Overview
Multiple Sclerosis (MS)
1. Clinical Overview
Summary
Multiple Sclerosis (MS) is a chronic, inflammatory, demyelinating disease of the Central Nervous System (CNS) characterised by Dissemination in Space and Time – multiple lesions affecting different areas of the brain and spinal cord at different times. MS primarily affects young adults (Peak onset 20-40 years) with a 2:1 female predominance. The aetiology involves a complex interplay of genetic susceptibility and environmental factors (Vitamin D deficiency, EBV infection, Smoking) leading to autoimmune-mediated demyelination and axonal damage. Clinical presentations are highly variable and include Optic Neuritis, Sensory Symptoms, Motor Weakness, Ataxia, Bladder Dysfunction, and Cognitive Impairment. MS is classified into subtypes: Relapsing-Remitting MS (RRMS) (~85% at onset), Secondary Progressive MS (SPMS), and Primary Progressive MS (PPMS) (~10-15%). Diagnosis is based on McDonald Criteria 2017 (Clinical + MRI + CSF). Disease-Modifying Therapies (DMTs) reduce relapse frequency and slow disability progression in RRMS/Active SPMS. Symptomatic management addresses specific deficits. [1,2,3]
Clinical Pearls
"Dissemination in Space and Time": The hallmark of MS. Lesions in multiple CNS locations at different points in time.

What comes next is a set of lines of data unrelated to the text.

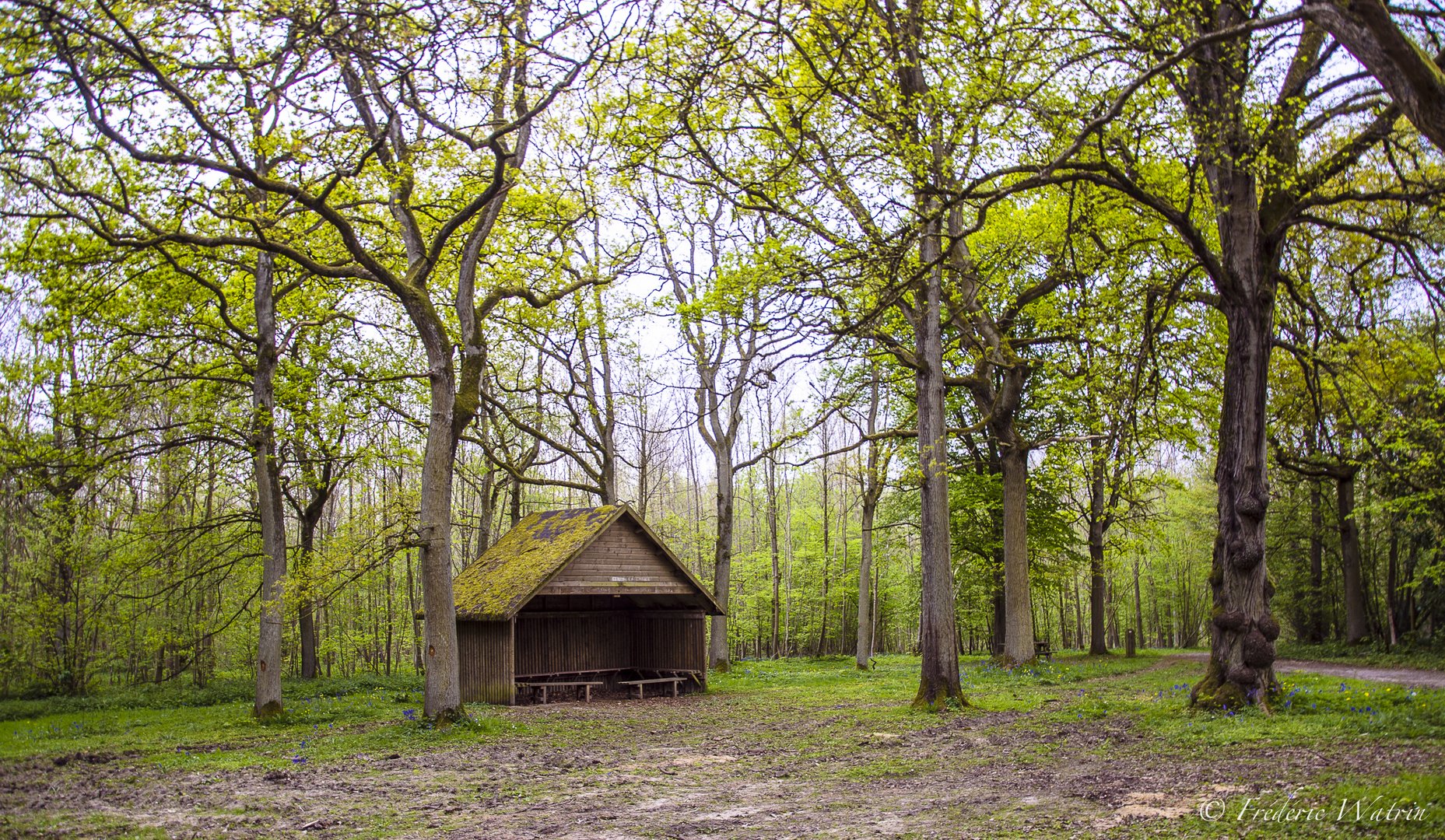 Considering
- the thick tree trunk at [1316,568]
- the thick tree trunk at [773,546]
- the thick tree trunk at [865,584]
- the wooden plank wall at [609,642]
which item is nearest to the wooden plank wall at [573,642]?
the wooden plank wall at [609,642]

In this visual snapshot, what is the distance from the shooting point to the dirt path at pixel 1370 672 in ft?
55.0

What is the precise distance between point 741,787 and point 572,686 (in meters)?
13.7

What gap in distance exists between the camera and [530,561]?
67.7 feet

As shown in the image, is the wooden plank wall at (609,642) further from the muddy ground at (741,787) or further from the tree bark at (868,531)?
the muddy ground at (741,787)

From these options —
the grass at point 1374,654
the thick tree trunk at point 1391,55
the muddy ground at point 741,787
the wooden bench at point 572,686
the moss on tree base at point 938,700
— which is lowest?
the grass at point 1374,654

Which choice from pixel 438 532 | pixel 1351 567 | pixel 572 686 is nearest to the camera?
pixel 438 532

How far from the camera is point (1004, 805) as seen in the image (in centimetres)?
712

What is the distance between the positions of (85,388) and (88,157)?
4479 millimetres

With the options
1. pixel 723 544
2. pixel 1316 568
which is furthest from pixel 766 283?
pixel 1316 568

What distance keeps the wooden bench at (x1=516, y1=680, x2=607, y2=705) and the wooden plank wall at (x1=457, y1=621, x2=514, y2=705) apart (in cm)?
97

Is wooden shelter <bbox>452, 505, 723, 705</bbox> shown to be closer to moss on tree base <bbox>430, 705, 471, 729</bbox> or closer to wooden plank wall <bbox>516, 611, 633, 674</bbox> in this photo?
wooden plank wall <bbox>516, 611, 633, 674</bbox>

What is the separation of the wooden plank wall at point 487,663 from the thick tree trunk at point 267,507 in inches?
147

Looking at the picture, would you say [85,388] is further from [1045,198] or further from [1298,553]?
[1298,553]

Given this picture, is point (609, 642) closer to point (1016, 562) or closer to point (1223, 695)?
point (1016, 562) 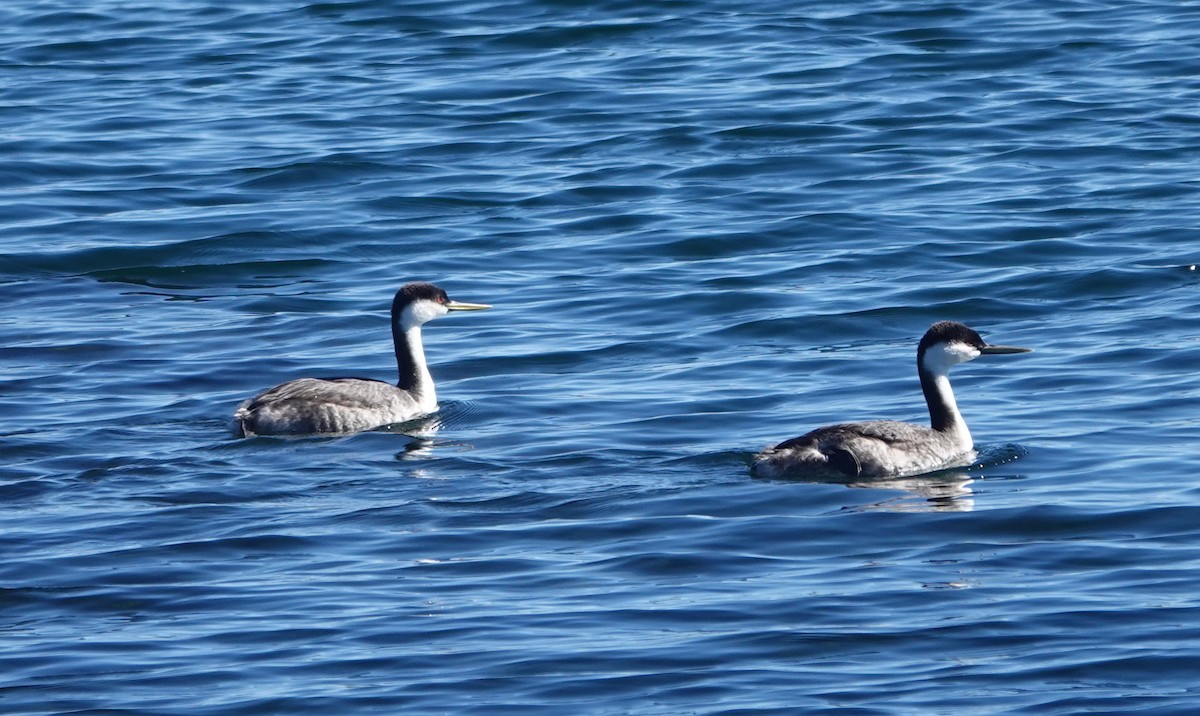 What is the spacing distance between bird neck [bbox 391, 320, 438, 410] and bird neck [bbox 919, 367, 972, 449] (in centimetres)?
357

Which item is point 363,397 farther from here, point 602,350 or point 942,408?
point 942,408

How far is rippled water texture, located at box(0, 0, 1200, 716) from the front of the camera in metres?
10.4

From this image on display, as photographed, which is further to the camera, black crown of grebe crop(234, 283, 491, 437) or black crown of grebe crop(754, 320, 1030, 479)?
black crown of grebe crop(234, 283, 491, 437)

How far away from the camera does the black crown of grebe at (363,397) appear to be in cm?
1466

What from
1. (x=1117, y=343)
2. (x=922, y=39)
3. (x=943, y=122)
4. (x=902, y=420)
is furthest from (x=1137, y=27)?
(x=902, y=420)

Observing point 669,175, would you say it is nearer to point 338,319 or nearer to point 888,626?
point 338,319

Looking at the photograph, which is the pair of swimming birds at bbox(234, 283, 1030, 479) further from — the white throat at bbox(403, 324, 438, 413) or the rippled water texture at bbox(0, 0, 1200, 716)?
the rippled water texture at bbox(0, 0, 1200, 716)

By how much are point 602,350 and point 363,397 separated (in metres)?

"Young Adult, Female, Neuro Symptoms That Come and Go": Classic demographic and pattern for RRMS.
"Optic Neuritis = Think MS": Often the first presentation. Painful vision loss in one eye.
"MRI is Key": Periventricular, Juxtacortical, Infratentorial, Spinal cord lesions. Dawson's fingers.
2. Epidemiology
Demographics
| Factor | Notes |
|---|---|
| Prevalence | ~100-200 per 100,000 in UK. Higher at higher latitudes. |
| Age of Onset | Peak 20-40 years. Rare less than 10 or >60 years. |
| Sex | Female:Male = 2-3:1 (RRMS). PPMS ~1:1. |
| Ethnicity | More common in Caucasians. |
| Geography | Latitude gradient – Higher prevalence further from equator. |
Risk Factors
| Risk Factor | Notes |
|---|---|
| Genetics | HLA-DRB1*15:01 (Major risk allele). Polygenic. ~30% concordance in identical twins. |
| Epstein-Barr Virus (EBV) | Strong association. Near 100% of MS patients have prior EBV infection. EBV seropositivity precedes MS. |
| Vitamin D Deficiency | Low sun exposure. Low vitamin D levels associated with increased risk. |
| Smoking | Increases risk and accelerates progression. |
| Obesity (Adolescent) | Associated with increased risk. |
| Female Sex | Hormonal influence. |
3. Pathophysiology
Immunopathology
- Peripheral Activation: Autoreactive T cells (CD4+ Th1, Th17) are activated peripherally, Possibly by molecular mimicry (EBV).
- BBB Breakdown: Activated T cells cross the Blood-Brain Barrier.
- CNS Inflammation: T cells, B cells, and Macrophages infiltrate CNS.
- Demyelination: Inflammatory attack on myelin and Oligodendrocytes.
- Axonal Damage: Progressive axonal loss, Even from early stages. Correlates with disability.
- Remyelination (Partial): Oligodendrocyte precursors attempt repair. Incomplete. Results in "Shadow plaques".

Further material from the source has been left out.